# Custom Tiller



## BWfarms (Aug 3, 2015)

I was scanning my normal classifieds this morning and came across an absurd posting.

https://greensboro.craigslist.org/grd/d/need-garden-tillered/6555903098.html















Not sure if the guy that posted the want ad looking for someone to till his garden is off his rocker. His idea of a reasonable rate is $30 for a half hour job (his opinion of how long it should take) to till 16x20. Plus he dictates the use of only a rear tine tiller. Then the guy named Russ apparently exhibited some of the scam characteristics but I can't reasonably tell because somehow a neighbor's garden was added to the quote. Either way $200 per garden doesn't seem too bad priced.
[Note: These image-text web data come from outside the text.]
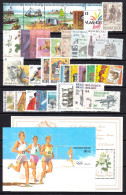 België/Belgique Jaar/ann 1988 ** COB = 56 Euro Vl2747 - Années Complètes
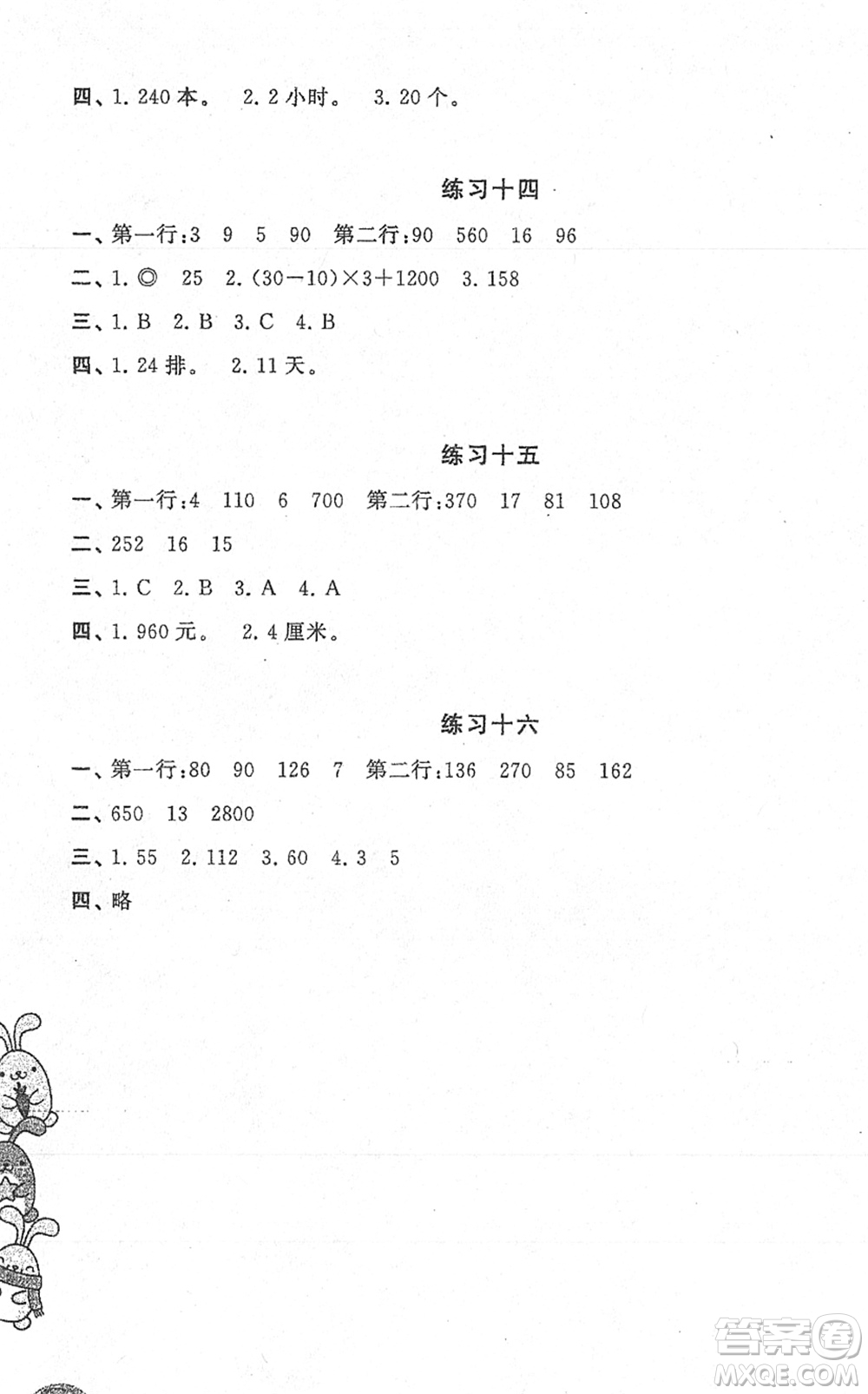譯林出版社2022寒假學(xué)習(xí)生活四年級(jí)數(shù)學(xué)提優(yōu)版蘇教版答案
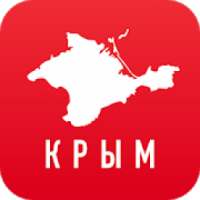 Отдых в Крыму: карта оффлайн, путеводитель,новости on 9Apps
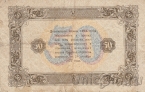 ��������������� �������� ���� ����� 50 ������ 1923 (2 ������) ������ ������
The ad poster insinuates that Russ was ripping him/her off the Clinton/Obama way. I think the ad poster is also trying to rip someone off the 'Clinton/Obama way' lol. The job in my opinion is at least $31.


----------



## Hayjosh (Mar 24, 2016)

And then there was that time when a guy who calls it 'tiller' and 'tillering' called somebody stupid. Bonus points for being able to politicize tillering. Maybe he should have used Tillerson instead.


----------



## skyrydr2 (Oct 25, 2015)

WOW.. its not a $30 job nor is it a $200 job! Even with a walk behind tiller! 
My dad does garden tilling and charges a minimum of $50 and $75 per hour if it takes longer. 
Don't do the walk behind tilling, he uses his 2120 with 72" Kuhn tiller.


----------